As the sun itself sets, so does empires and imperialism, a fact its champions, Great Britain and the United States, should just recognize sooner.

In the specific case of Great Britain, market, entertainment, defense, and other British icons now belong to foreigners: Burberry, although still at the top of its league, its patrons are often tourists; Cadbury is now owned by America’s Kraft; luxury car brand Jaguar was bought by Ford in the 1990s and now is owned by India’s Tata Group; even top football teams (Manchester League) are now owned by Americans. In the 1990s, bands like the Spice Girls and Oasis ruled the charts. British Petroleum (BP) even re-branded itself to remove “British” and is today known as Beyond Petroleum, although after the Gulf oil spill in 2010, no one wants to be attached to the brand.

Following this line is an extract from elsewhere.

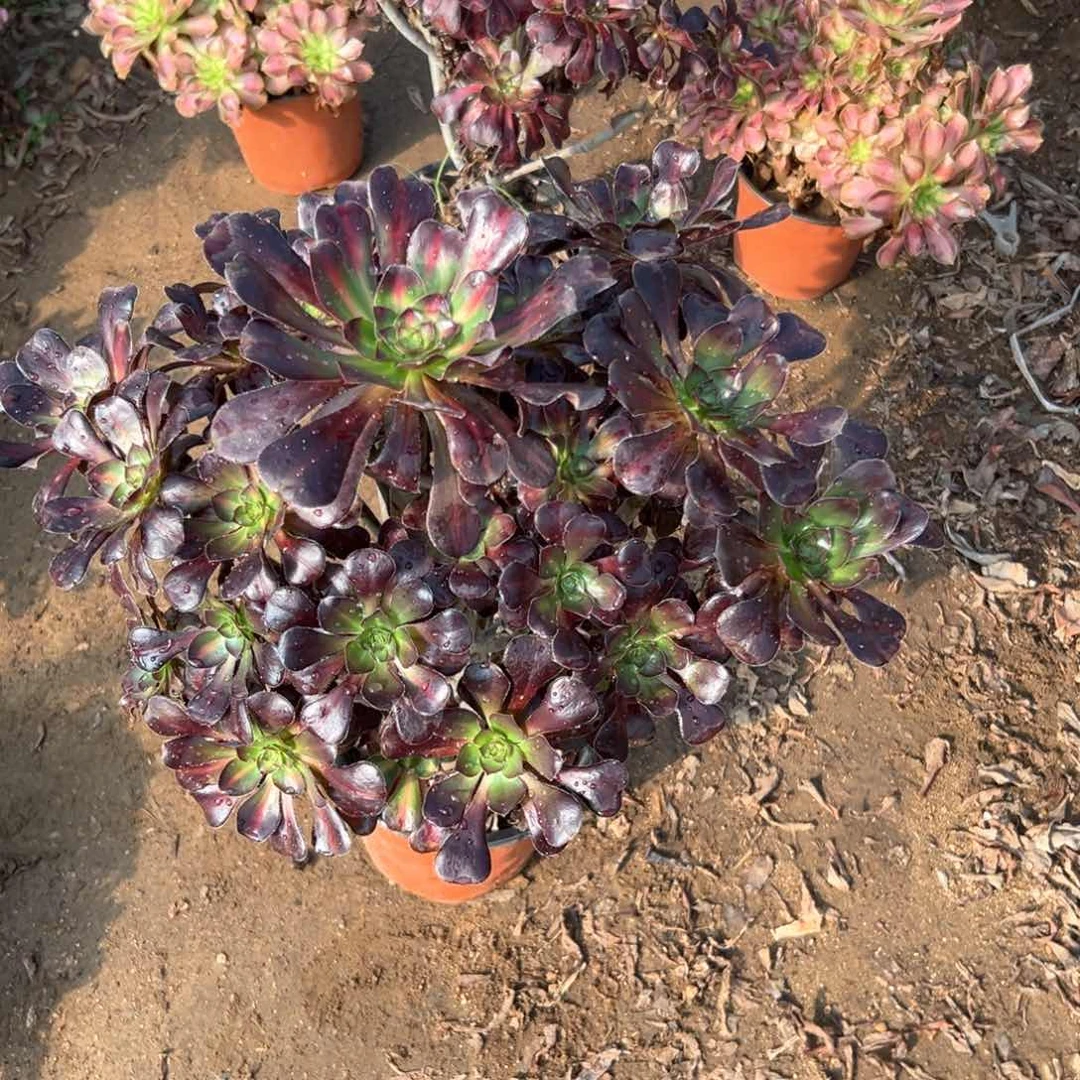 多肉植物圆叶中班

As in the law of diminishing rates of returns where profits will always decline and the search for new markets becomes more important as the decline happens, an imperialist government needs to find and nurture sympathetic, if not always legitimate governments to get market share. We need not look any further than the invasion of Iraq in 2003. In addition to securing the supply of fossil energy to the West, the Iraq war was also instigated to guarantee Western market dominance.

As there are no more other new markets to dominate, it is unfortunate that we are witnessing the privatization of war. Schools, health care, prisons have been privatized by international capital, and today, violence and war. As nation states become market states, violence and war also become privatized.

Unless imperialist Britain become more modest in its treatment of the world and abandon the Pax Britannica dream, it will have a difficult position in living with, if not confronting, the growing powers of the East which now are collectively known as BRIC (Brazil, Russia, India, and China).